### [WORK INSTRUCTIONS]
Reproduce only this range: the line holding "Horloge Carrée Mug" through the last line of the data below, both included, exactly, with no pictures.

[Records contained in a dataset]

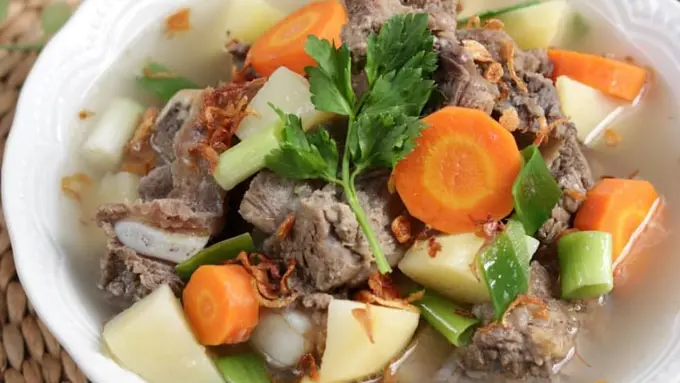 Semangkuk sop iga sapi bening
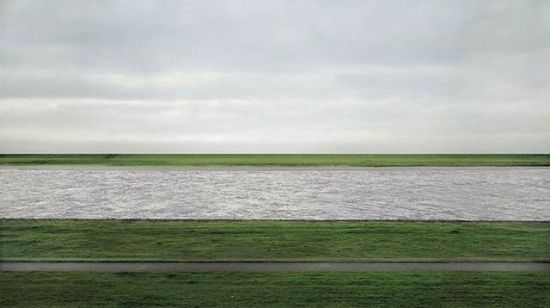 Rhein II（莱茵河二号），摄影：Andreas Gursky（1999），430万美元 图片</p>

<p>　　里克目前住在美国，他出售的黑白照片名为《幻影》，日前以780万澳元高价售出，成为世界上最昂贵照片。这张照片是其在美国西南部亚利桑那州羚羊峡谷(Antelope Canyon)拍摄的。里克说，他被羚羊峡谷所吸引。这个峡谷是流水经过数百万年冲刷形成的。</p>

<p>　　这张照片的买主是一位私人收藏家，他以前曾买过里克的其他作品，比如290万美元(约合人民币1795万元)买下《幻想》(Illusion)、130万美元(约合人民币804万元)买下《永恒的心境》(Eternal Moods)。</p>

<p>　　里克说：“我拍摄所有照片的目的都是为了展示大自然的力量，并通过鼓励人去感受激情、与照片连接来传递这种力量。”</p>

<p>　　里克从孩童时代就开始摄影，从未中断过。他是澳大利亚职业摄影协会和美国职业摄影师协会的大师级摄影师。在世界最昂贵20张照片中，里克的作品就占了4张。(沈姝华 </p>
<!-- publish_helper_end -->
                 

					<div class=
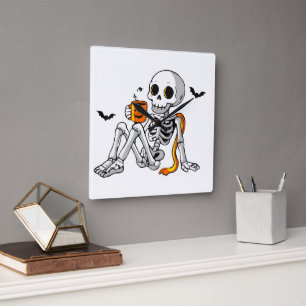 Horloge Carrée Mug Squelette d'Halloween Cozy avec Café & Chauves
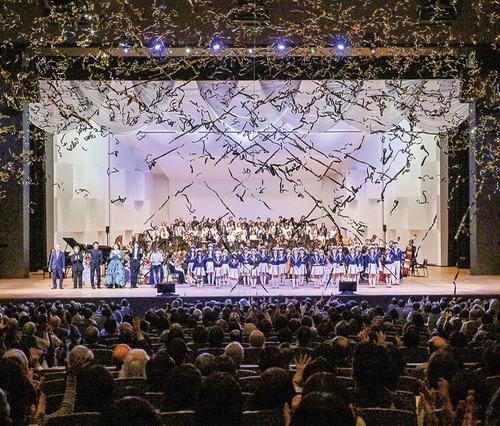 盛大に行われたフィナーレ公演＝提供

### [ANSWER TO THIS TASK]
 Horloge Carrée Mug Squelette d'Halloween Cozy avec Café & Chauves
 盛大に行われたフィナーレ公演＝提供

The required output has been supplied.